What is Memorial Day, when did it start and who created it?

A Yahoo.com response to the question said, “after the Civil War ended in 1865, many communities both north and south began holding memorial days honoring those who died.”

According to History.com, “Memorial Day is an American holiday, observed on the last Monday of May, honoring the men and women who died while serving in the U.S. military…Originally known as Decoration Day, it originated in the years following the Civil War and became an official federal holiday in 1971. Many Americans observe Memorial Day by visiting cemeteries or memorials, holding family gatherings and participating in parades. Unofficially, it marks the beginning of the summer season.”

Dig a little deeper, however, and it appears that the holiday’s origins are not so clear cut and racial elements beg the question of whether it should be referred to as “Decoration Day,” or “Memorial Day.”

Reportedly, what is now celebrated as “Memorial Day,” officially began as “Decoration Day” in an 1868 ceremony in Decatur, Illinois, when Maj. Gen. John A. Logan of the Grand Army of the Republic, a fraternal organization composed of veterans of the Union Army, called for a national day to remember the Union dead by placing flowers on their graves.

Recent years have seen debates among historians, including Yale historian David Blight, who insists the holiday has its roots in a moving ceremony held by freed slaves on May 1, 1865 at the remnants of Confederate prison camp at Charleston’s Washington Race Course and Jockey Club – now known as Hampton Park.

The “Decoration Day” ceremony is said to have been a festive event, including a parade with 10,000 people, including 3,000 flower-bearing black schoolchildren singing the Union Army’s marching song “John Brown’s Body.”

Adam Domby, assistant professor of history at CofC (College of Charleston) said whether Charleston’s Decoration Day was the first or not isn’t important.

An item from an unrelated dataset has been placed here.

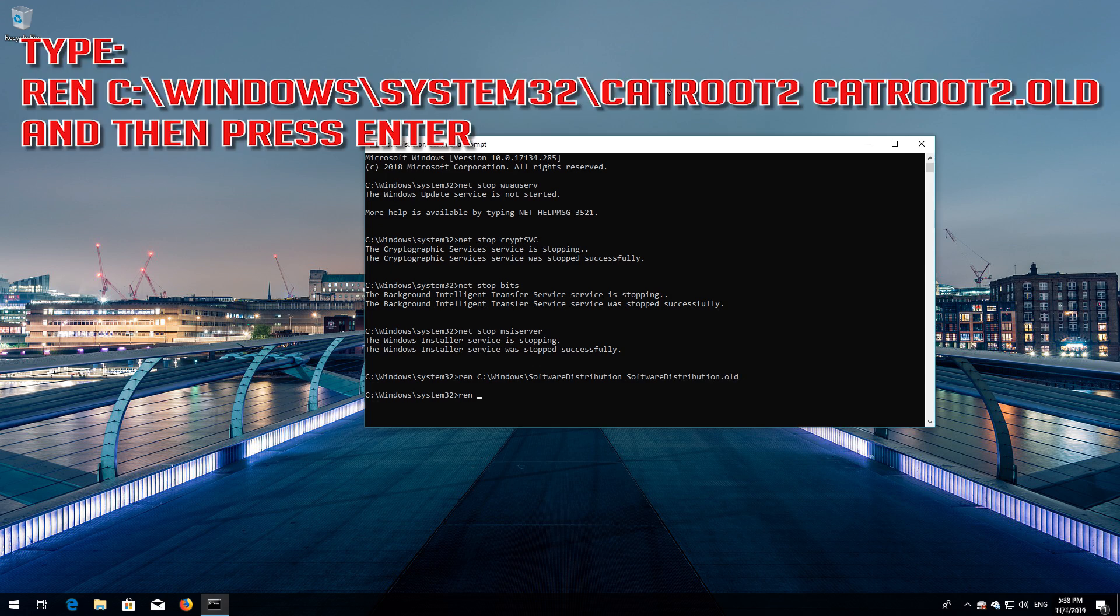Type ren C:\Windows\System32\catroot2 catroot2.old and then press Enter.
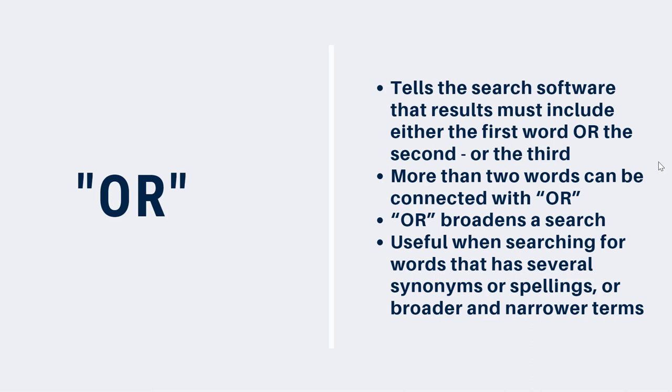Use OR between words to tell the search software that you want results that include either the first word OR the second, OR the third. You can connect more than two words with OR. OR broadens your search and can be very helpful if you're searching for a topic that has several synonyms. Synonyms are similar words that have related meanings. For example, if you're searching for information related to employment, you might also want to search for words like work, career, job, vocation, and so on.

What is important, he said, is the attention Charleston’s black community paid to the nearly 260 Union troops who died at the site.

According to a report in the College of Charleston magazine, “Memorial Day Uncovered: Charleston’s ‘Martyrs of the Race Course,” former slaves and black workers were determined to honor the soldiers. They spent two weeks exhuming the soldiers’ remains from a hastily dug mass grave behind the race track’s grand stand and gave each soldier a proper burial. To protect the site, they built an arch way at the entrance that read “Martyrs of the Race Course.”

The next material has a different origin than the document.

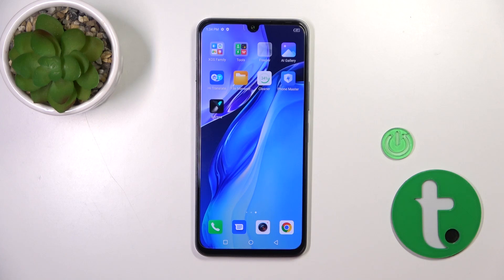Hi, today I'm using the Infinix Note 12 2023 and I'll show you how to change the lock screen wallpaper on this device.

“The dead prisoners of war at the race track must have seemed especially worthy of honor to former slaves. Just as former slaves had, the dead prisoners had suffered imprisonment and mistreatment while held captive by white southerners,” Domby told the College of Charleston magazine.

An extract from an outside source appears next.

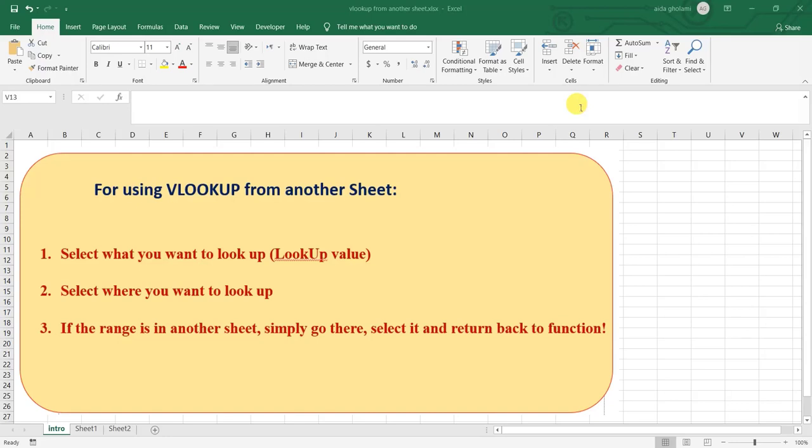Hello everyone, this is Aida Golami from Agrimate Self Research Company and here I am to teach you how to use VLOOKUP from another sheet. It's so simple and easy. It's just like using VLOOKUP in the normal way.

Blight discovered writings of a Union soldier at the Harvard University library that referenced the 1865 event in Charleston. Eager for more details, the Yale history professor searched the archives of the College of Charleston’s Avery Research Center for African American History and Culture, where he found a newspaper account documenting the event.

He continued his research, leading to his 2001 book, “Race and Reunion,” which included a detailed account of that 1865 Decoration Day ceremony in Charleston.

According to Domby, connections between the Charleston ceremony and the 1868 Decoration Day in Illinois have been debated; with some people insisting there are no direct links between the two ceremonies.

He explained that many white Confederacy-supporting southerners, including many white Charlestonians, had no interest in spending a day decorating the graves of their former enemies. Conversely, African American southerners perpetuated the holiday in the years immediately following the Civil War, Domby shared.

“Without African Americans, the ceremonies would have had far fewer in attendance in many areas, making the holiday less significant,” said Domby Civil War Monument in Washington DC Interestingly, Confederate sympathizers began observing “Memorial Day,” in honor of their fallen soldiers. Following World War II, the holiday was more commonly called Memorial Day, but federal law didn’t formally recognize the day by that name until the late 1960s.

“There is still a clear cultural link between the 1865 ceremony and later ceremonies,” Domby noted. “That cultural link is what interests many historians including David Blight and myself. So, while the ceremony in Charleston may not have been the direct inspiration for Logan, the 1865 ceremony clearly shared many of the meanings that would come to characterize future ceremonies.”